Finding the left and right cosets of $H=\{(1),(12),(34),(12) \circ(34)\}$ in $S_4$ I have an exercise where I am supposed to find the left and right cosets of $H = \{(1), (12), (34), (12) \circ(34)\}$ in $S_4$.
But how do I generate the cosets?
As I have understood it you are supposed to pick a number that is not in the set $H$ and multiply it with every number in $H$. But this does not exactly give the right answer.
I would really appreciate it if someone gave an easy to understand explanation of how to generate the left and right cosets.

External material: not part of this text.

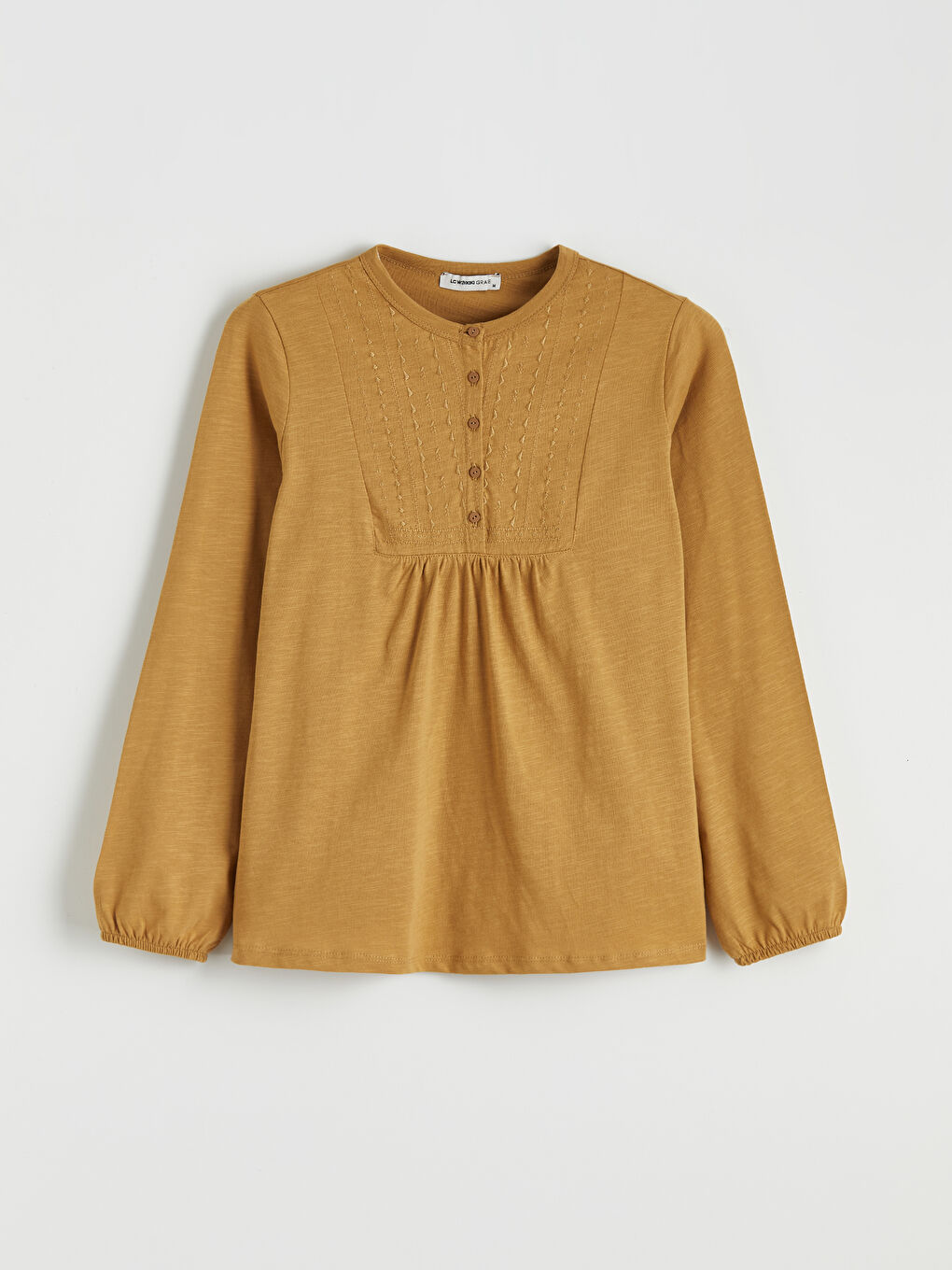 Sarı Bisiklet Yaka Nakışlı Bluz	-4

 A: Take for example $\,\pi:= (123)\,$ :$$\pi(1)=\pi\,,\,\pi(12)=(13)\,,\,\pi(34)=(1234)\,,\,\pi(12)(34)=(134)\Longrightarrow \pi H=\{(123),\,(13),\,(1234),\,(134)\}$$
Now try to find $\,H\pi\,$, and check whether you can find examples of $\,\pi\sigma^{-1}\in H\,$ , since then
$\,\pi H=\sigma H\,$ and you can save quite some time.

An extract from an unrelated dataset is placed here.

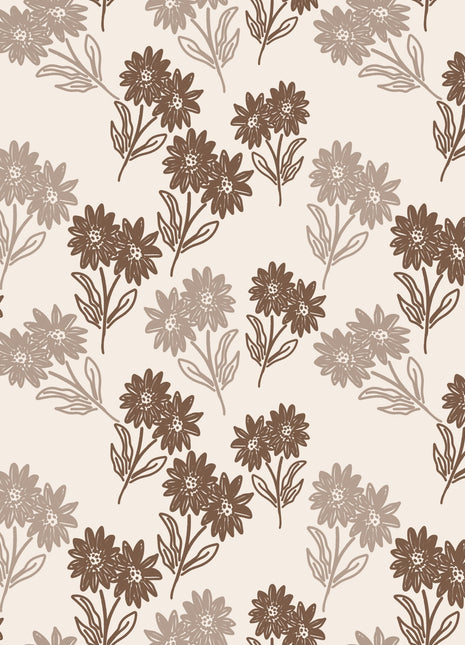 Brown Floral Wallpaper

A: Assume your group is $G$ and the subgroup is $H$. By definition $gH$={$gh$|$h\in H$} is a left coset of $H$ respect to $g$, in $G$ and $Hg$={$hg$|$h\in H$} is a right coset of $H$ respect to $g$, in $G$. Here your group is $S_4$={$(),(3,4),(2,3),(2,3,4),(2,4,3),(2,4), (1,2),(1,2)(3,4),(1,2,3),(1,2,3,4),(1,2,4,3),(1,2,4),(1,3,2),(1,3,4,2),(1,3), (1,3,4),(1,3)(2,4), (1,3,2,4), (1,4,3,2), (1,4,2), (1,4,3), (1,4), (1,4,2,3), (1,4)(2,3)$ }, and the $H$ is as you pointed. According to Group theory, the number of right cosets of a subgroup in its group called index is $\frac{|G|}{|H|}$. $|S_4|=4!$ and $|H|=|\langle(1,2),(3,4)\rangle|=4$ so you have atlast $\frac{4!}{4}=6$ cosets right or left for the subgroup. Here there is no matter what $g$ is taken in group $G$. For example, if you take $(1,2,4,3)$ in group, then $(1,2,4,3)H$={$(1,2,4,3)(),(1,2,4,3)(1,2),(1,2,4,3)(3,4),(1,2,4,3)(1,2)(3,4)$}. Hope to help.